▶ _GOAL OF THE EXERCISE_:
Lines to restate from the data below: from the one containing "Exemplaar van Geranium" to the one containing "Adopt Loki a", both included. Give them again exactly, and only them.

▶ _RECORDS SUPPLIED_:
┄┄┄┄┄┄┄┄┄┄

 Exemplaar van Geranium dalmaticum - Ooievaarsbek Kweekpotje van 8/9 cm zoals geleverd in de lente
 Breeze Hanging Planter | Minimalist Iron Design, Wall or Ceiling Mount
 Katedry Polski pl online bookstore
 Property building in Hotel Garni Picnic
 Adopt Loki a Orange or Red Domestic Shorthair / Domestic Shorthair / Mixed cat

┄┄┄┄┄┄┄┄┄┄

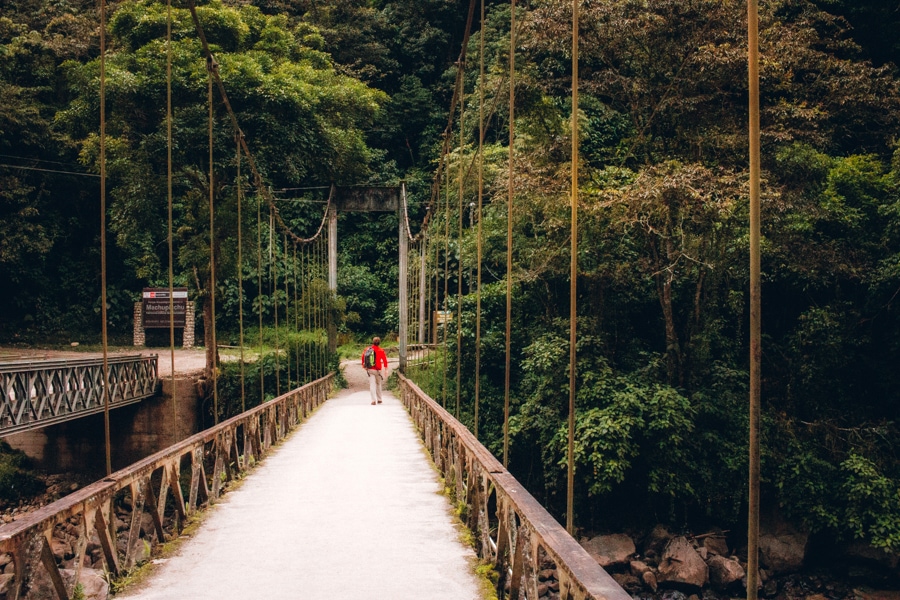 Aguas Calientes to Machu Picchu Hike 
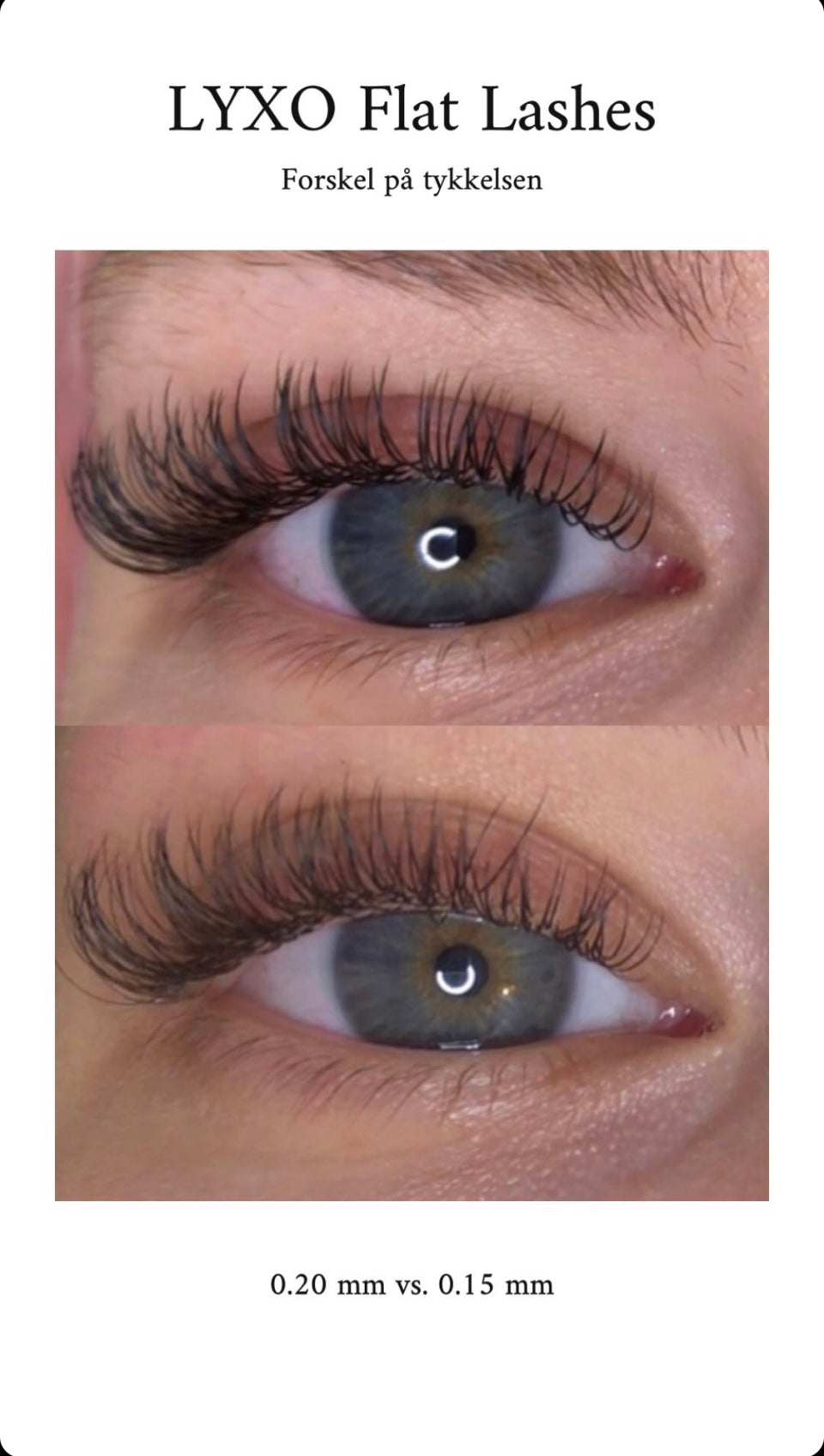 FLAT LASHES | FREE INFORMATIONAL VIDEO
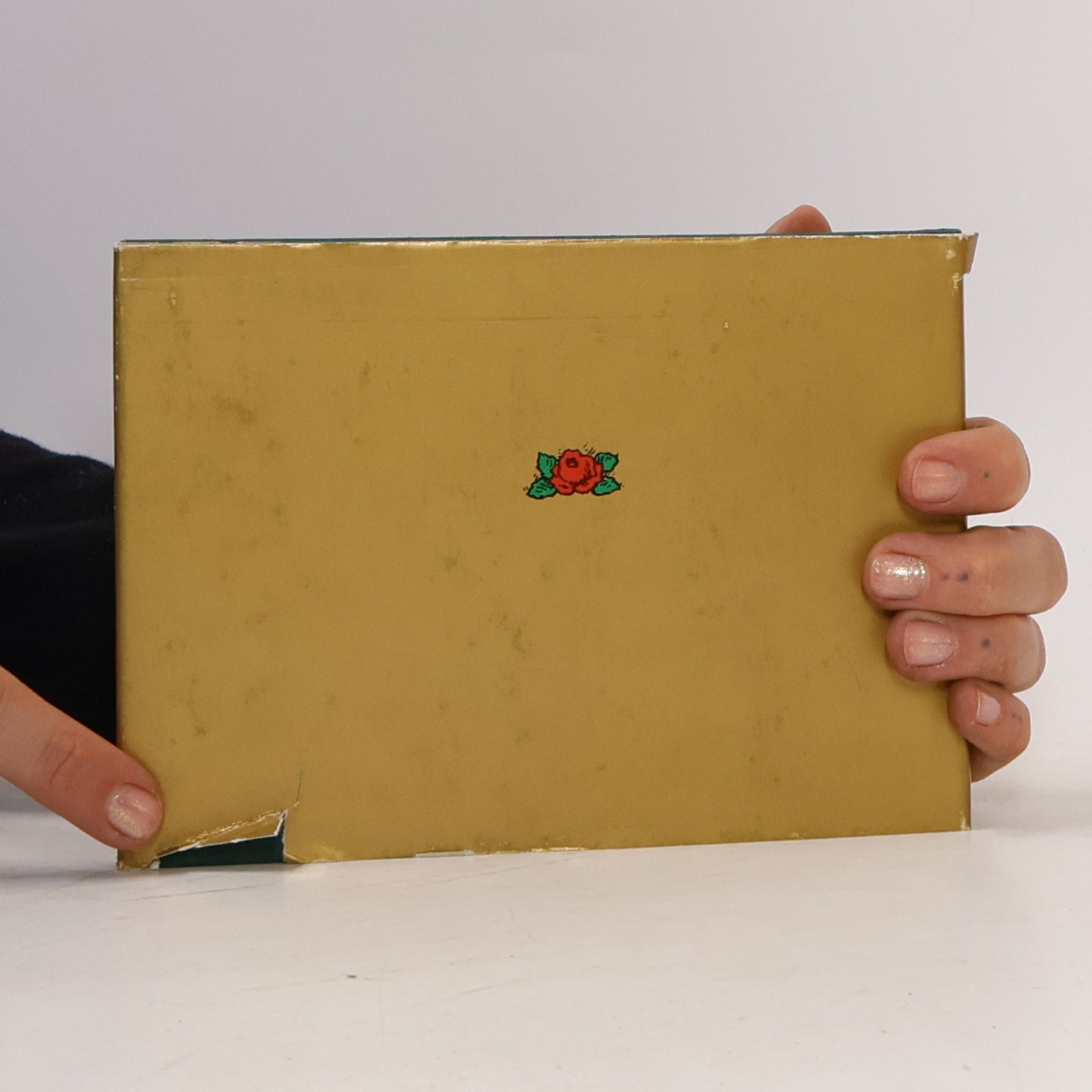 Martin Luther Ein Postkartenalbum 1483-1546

┄┄┄┄┄┄┄┄┄┄

▶ _RESULT OF THE EXERCISE_:
 Exemplaar van Geranium dalmaticum - Ooievaarsbek Kweekpotje van 8/9 cm zoals geleverd in de lente
 Breeze Hanging Planter | Minimalist Iron Design, Wall or Ceiling Mount
 Katedry Polski pl online bookstore
 Property building in Hotel Garni Picnic
 Adopt Loki a Orange or Red Domestic Shorthair / Domestic Shorthair / Mixed cat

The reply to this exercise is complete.